ありがとう、さようなら、私のプリウス

7年8ヶ月ぶりに、車を買い替えた。

買ったのはトヨタのAQUA。ボディカラーは赤。
前回のプリウスを買った時、ボディカラーを赤か黒かで迷ったんだった。
夫に「家族で出かけるときは、僕が運転するんだから、赤はちょっとなあ」と言われたので、黒を買った。

「もう、絶対、黒の車はやめときな!」
私が事故にあったと話したら、実家の母に強く忠告された。
実家の父が以前乗っていた軽自動車が黒で、その車も私のプリウスと同じように、横道からきた車にぶつけられ廃車になった。
以来、父は明るい空色の車に乗っている。

実を言えば、「黒くて見えなかった」という理由で、3年ほど前の雨の日にも、バックしてきた車にぶつけられたことがあった。
だから「もう黒はやめよう」と、私も心に誓った。
ネットで調べたり、ショッピングモールや街ゆくいろんな車を眺めたり。自分が赤やオレンジのAQUAから降りてくるところを想像して、どっちがしっくりくるかなあなんて考えて、ワクワクした。
約8年ぶりの新車に浮かれ気味。そして、今回は赤に決めた。

販売店で、今回の購入予算を告げると、ちょうどお得な特別仕様車があると教えてくれた。カーナビ、安全サポート、ドライブレコーダー、ETCといろんなオプションが追加され、自分仕様の新しい車ができあがった。予算内にも収まって、ほっと一安心。

契約のための、いろんな書類に署名し、印鑑を押していく。
売買契約書、車庫証明の委任、ローン契約、自動車保険の契約の変更……
「納車は、8月上旬だと思います」
数時間ほどで、私は新しい車の所有者になった。

「前のプリウスは、どうなりますか?」
気になって聞いてみた。
「一応、下取り価格を査定しました」
販売店の営業さんは、ほんのわずかな金額を提示した。

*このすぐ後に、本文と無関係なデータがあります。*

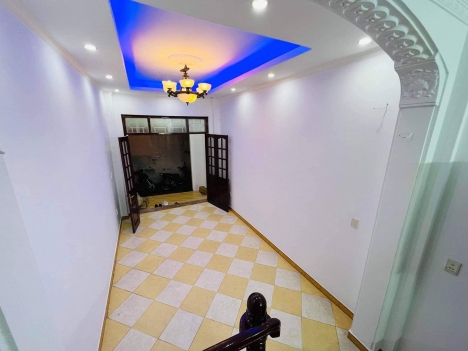 PHẢI THẬT NHANH – TRƯƠNG ĐỊNH – NGUYỄN ĐỨC CẢNH- 20M Ô TÔ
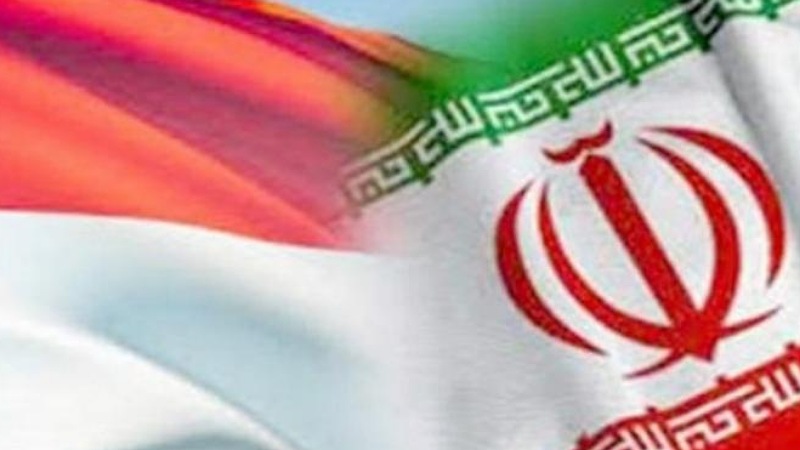 Kemenlu Siaga! WNI di Iran Diminta Waspada Pascaserangan AS-Israel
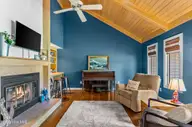112 Olde Point Road, Hampstead, NC 28443 — 3-bedroom home in Olde Point, Hampstead, NC, photo 10 of 70: 6-DSC06013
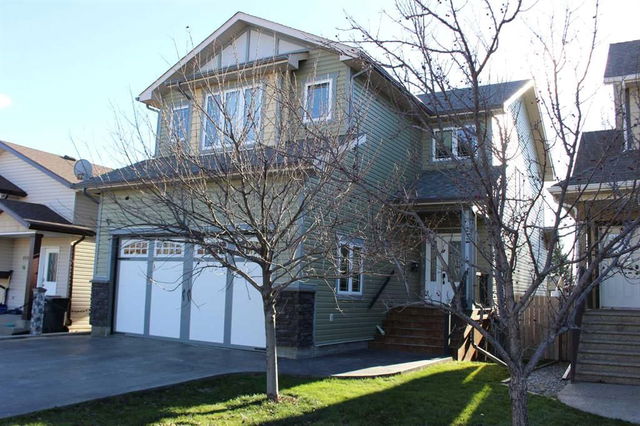 715 Northridge Avenue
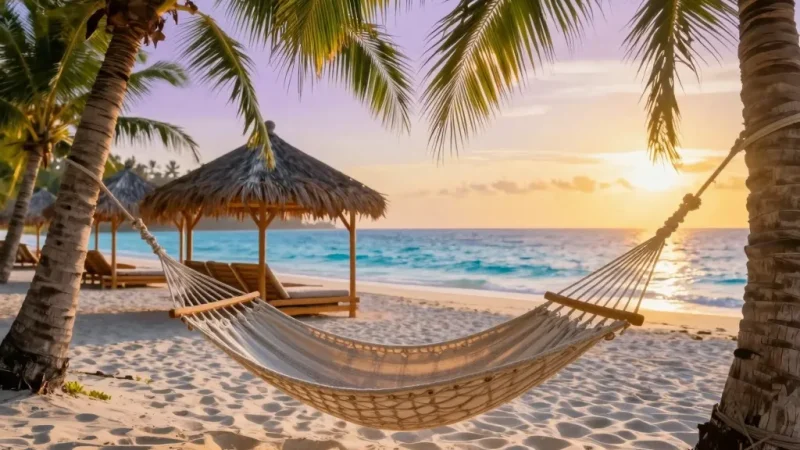 Essential Travel Tips for Beginners and Intermediate Travelers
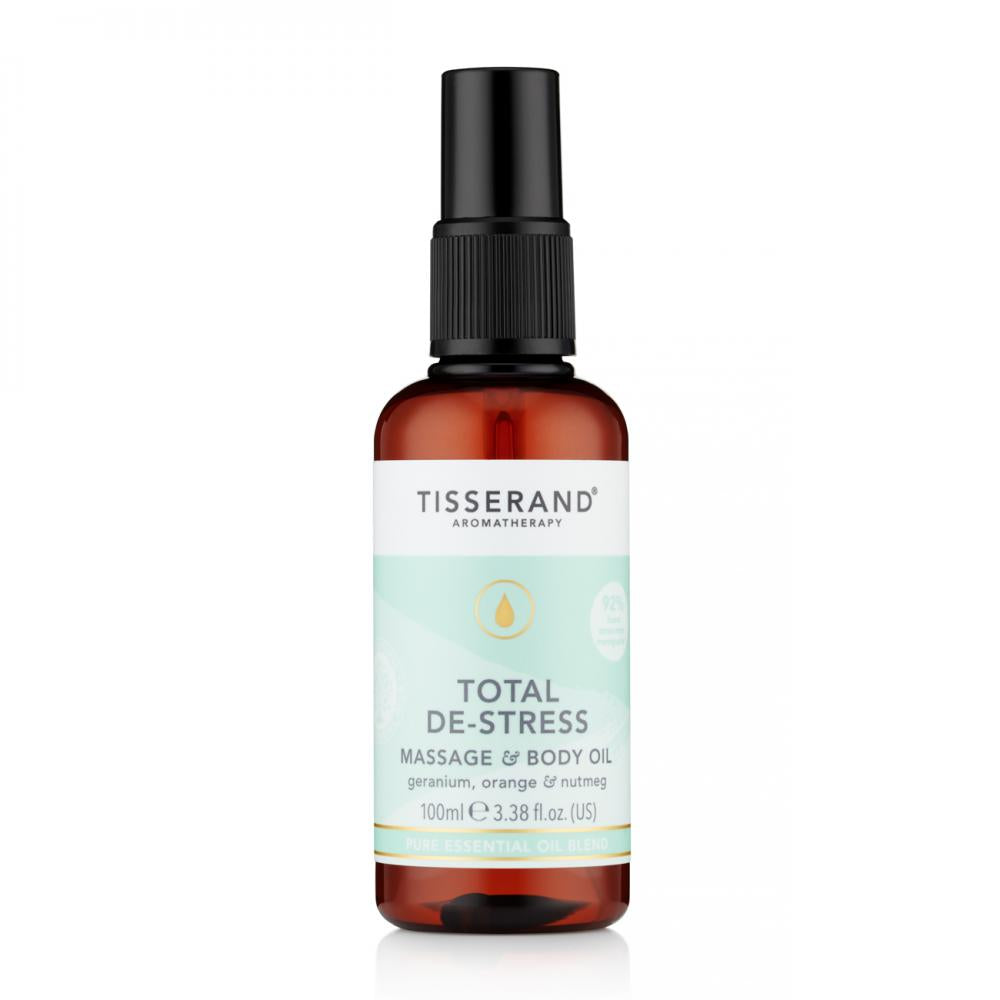 total-de-stress-massage-&-body-oil-100ml-tisserand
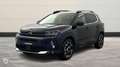 Citroen C5 Aircross PureTech 130ch S\u0026S Shine EAT8 - thumbnail 1
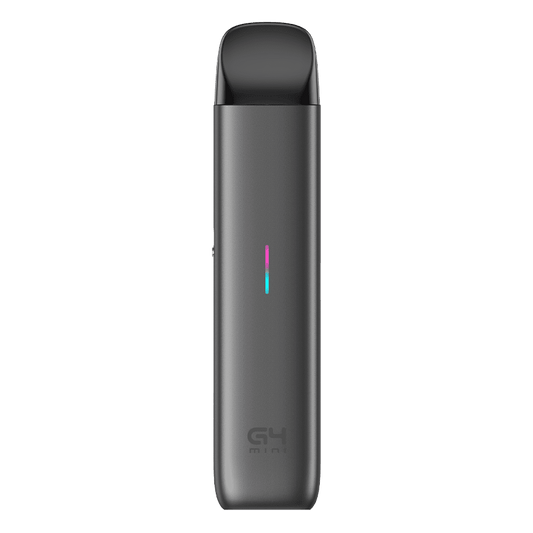 Uwell Caliburn G4 Mini Kit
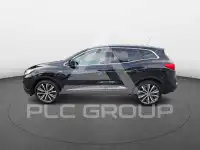 2017 Renault Kadjar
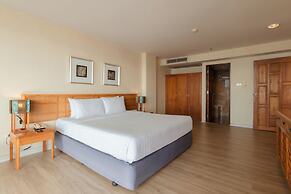 Sandy Spring Hotel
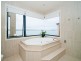 57 The Peninsula, Paradise Point QLD 4216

派手に壊してしまったから仕方ない。それでも新車の足しになると納得。
そして、営業さんが一枚の書類を出した。
「ここに署名をしてください」
それは、壊れたプリウスを、買取業者に引き渡すことに同意する書類。
サインすると、いよいよプリウスとはお別れだ。

「では、ルミさんの私物が残っていないか確認してくださいね」
しとしとと降る雨の中、壊れたプリウスのところへ向かった。
向こうの方に、黒い塊のような車体が見える。
事故のせいで、右タイヤの上が、まるで体をえぐられたみたいに、むき出しになっている。
それ以外は無傷。もとのまま。
ぶつけたところが黄色く見えた。そう言えば、事故の相手方の車は黄色だった。
「あれは、相手の人の車の塗料かな?」
近づくと、それは錆びだと分かった。壊れて塗装がハゲたところが、たった2週間で錆び始めていた。
大事に乗っていたのにな。
ちょっとキズができたら、それなりに修理してきたし、黒いから汚れが目立つので、洗車もまめにしてた。シャンプー洗車じゃなくて、毎回ちょっとお高い「ワックス洗車」にしてたのに。
「きれいに乗ってますね」と褒めてもらったこともあった。
なのに、あの一瞬の出来事で走れなくなって、もう朽ち始めている。

車の中の私物は、事故の日にだいたい回収していたので、残っていたのはティッシュの箱と、カーオーディオに差し込んだ音楽用SDカードくらいだった。
事故の当日は、事故の衝撃で電源が入らなくなっていたので、SDカードをカーオーディオから取り出せなかった。
「今は、電源が入ると思いますよ」
営業さんが、プリウスの電源を入れてくれた。カーオーディオを操作して、SDカードを出してくれた。

ふと、聞き慣れた音がする。あれ? どこから?
流れてくるのは、私の好きな嵐の曲「僕が僕のすべて」
音は、プリウスのスピーカーから聞こえていた。
SDカードはもう取り出したはず、CDだって入ってない。ラジオでもなさそう。
ああ、そうだ。
プリウスと私のiPhoneSEは、Bluetoothで繋がっていたんだった。
事故の日も、iPhoneに入れた「嵐ナンバー」と名付けた、自分のお気に入りの嵐の曲のプレイリストを聞いていたんだった。
もう走れないのに、私のカバンの中のiPhoneと繋がって、まだ健気にも音楽を聴かせようとしてくれていた。
プリウスは、最後の最後まで「私の車」だった。

この7年8ヶ月、朝も晩も一緒に通勤した。
夜遅くまで残業して、くたくたになって、プリウスを置いてある駐車場まで、重い体と暗い気持ちを引きずって帰ったことは数しれない。
黒いプリウスは、真っ暗な駐車場で、影のようになって停まっていた。近づくと「おかえり」と言わんばかりに、ルームライトがパッと点灯して、あたりを照らしてくれた。その明かりに、何度ホッとさせられただろう。
高速道路に乗るとき、アクセルを踏み込むと、車体が地面に吸い付くような感覚になるのが好きだった。スピードが出れば出るほど、重心が安定して、運転しやすくなるのも、かっこよくて好きだった。
大好きな嵐の曲を流して、大音量で歌いながらご機嫌で走った日もあった。
時には、一人になって泣くために、車を走らせることもあった。

最近の車は、事故の衝撃を吸収するように、車体がすぐに壊れるようにできているそうだ。私のプリウスもそう。私や娘を守るために、自分の体を犠牲にしてくれた。おかげで、大した怪我もなく、元気に当たり前の生活が送れている。

こんなにしちゃって、ごめんね。

新しい車を手に入れるのは嬉しい。でも、それは、前の車との別れでもあって、ともに過ごした時間を思い出さずにはいられない。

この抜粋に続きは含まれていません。